#### Exercise prompt
In the copy, keep every line below as it is and leave out the pictures.

#### Provided data

::::::::::

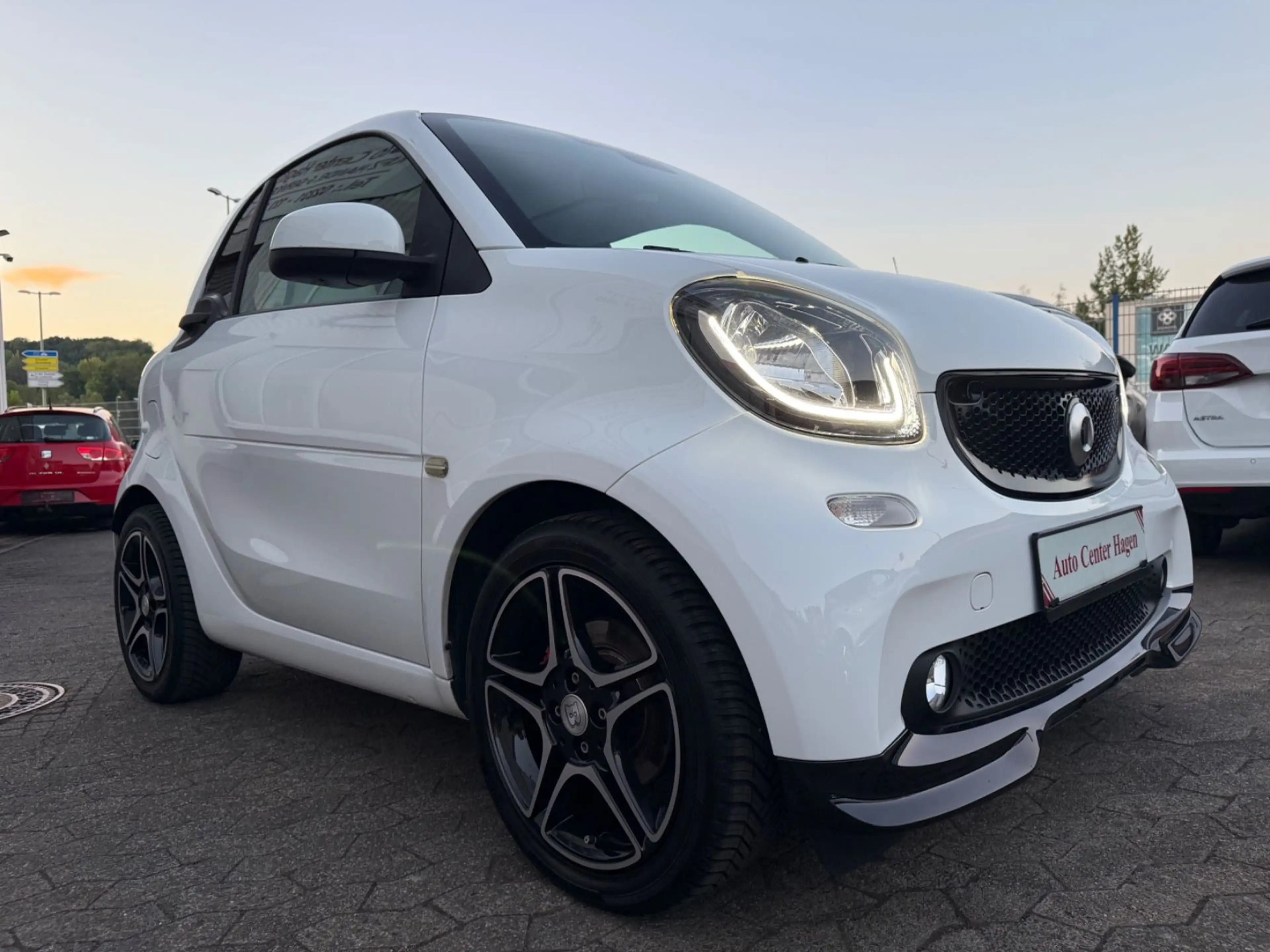 smart forTwo BRABUS 1,0 52kW 71PS/PANO/JBL/LED/Klima — photo 5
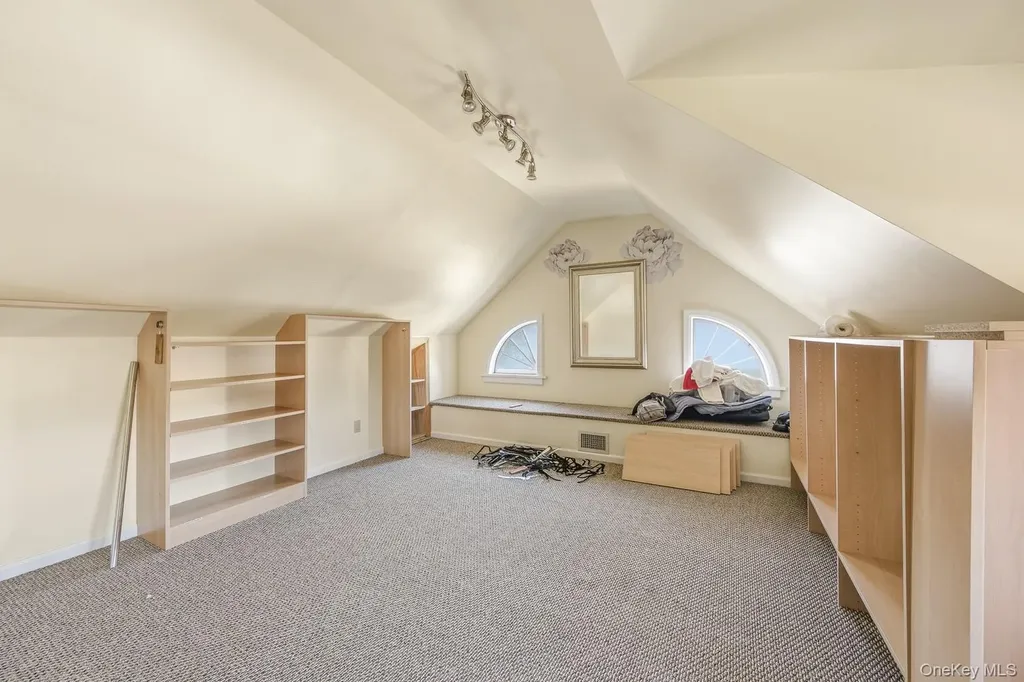 23 Center Drive Malba NY 11357
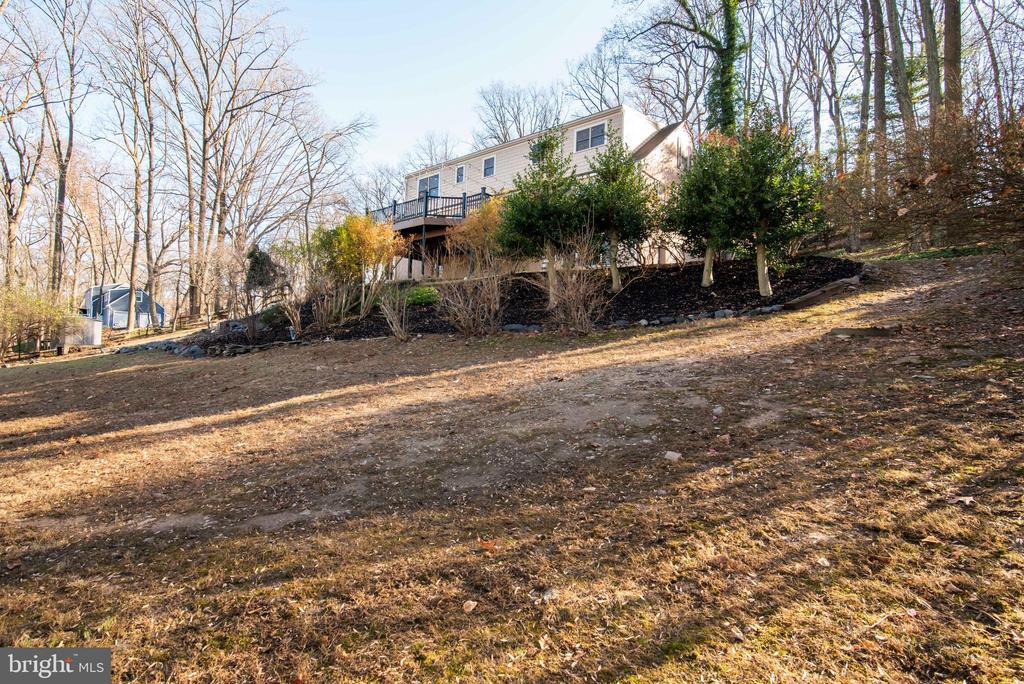 483 HILLTOP ROAD
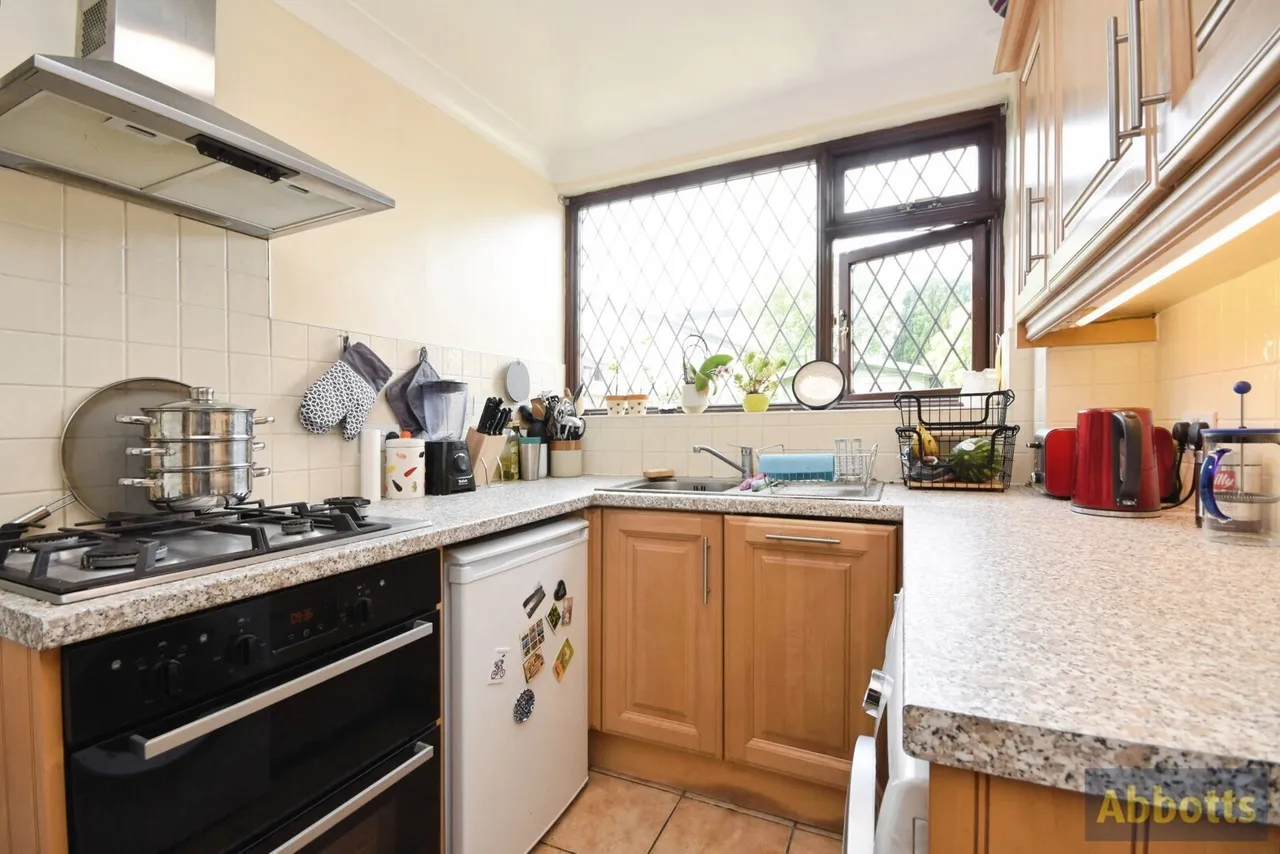 Hilary Crescent, Rayleigh, Essex, SS6, photo 11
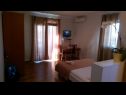 Apartmány Summer Sun SA1(2+1), A2(2+2), A3(4+2), A4(4+2) Privlaka - Riviera Zadar  - Studio apartmán - SA1(2+1): obývák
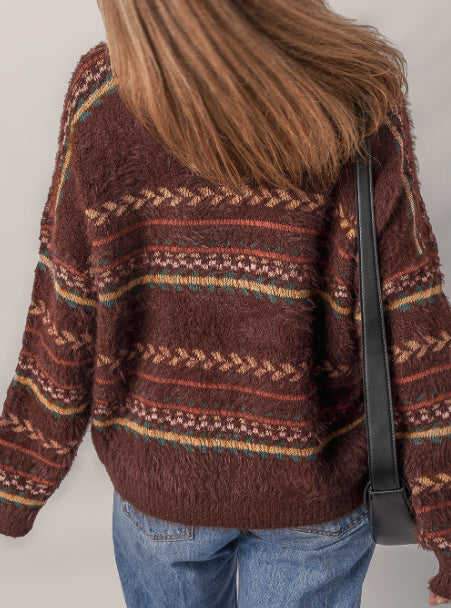 Maglione lavorato a maglia con spalle scese in mohair con motivo etnico marrone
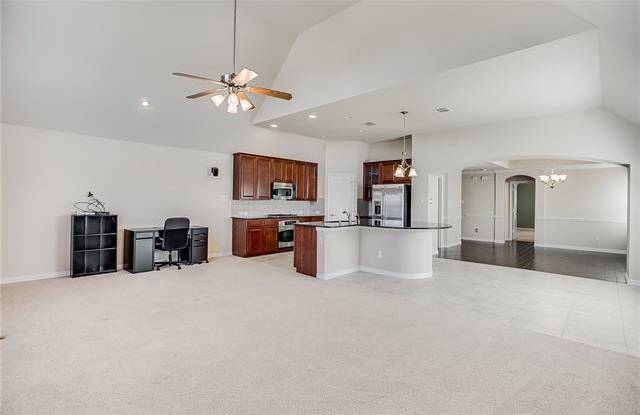 1707 Estacado Drive Gallery 4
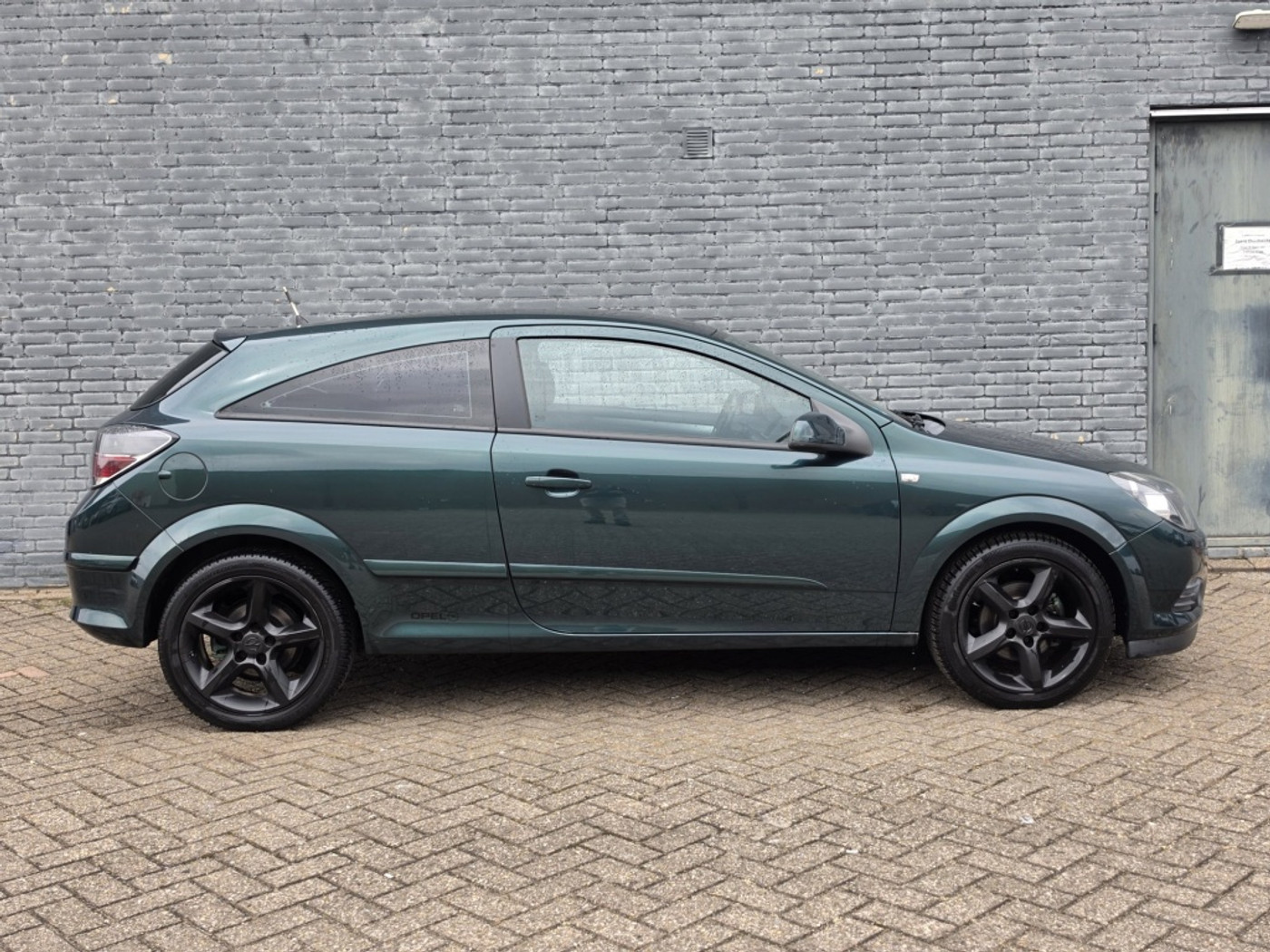 Foto van Opel Astra GTC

::::::::::

#### Worked solution
 smart forTwo BRABUS 1,0 52kW 71PS/PANO/JBL/LED/Klima — photo 5
 23 Center Drive Malba NY 11357
 483 HILLTOP ROAD
 Hilary Crescent, Rayleigh, Essex, SS6, photo 11
 Apartmány Summer Sun SA1(2+1), A2(2+2), A3(4+2), A4(4+2) Privlaka - Riviera Zadar  - Studio apartmán - SA1(2+1): obývák
 Maglione lavorato a maglia con spalle scese in mohair con motivo etnico marrone
 1707 Estacado Drive Gallery 4
 Foto van Opel Astra GTC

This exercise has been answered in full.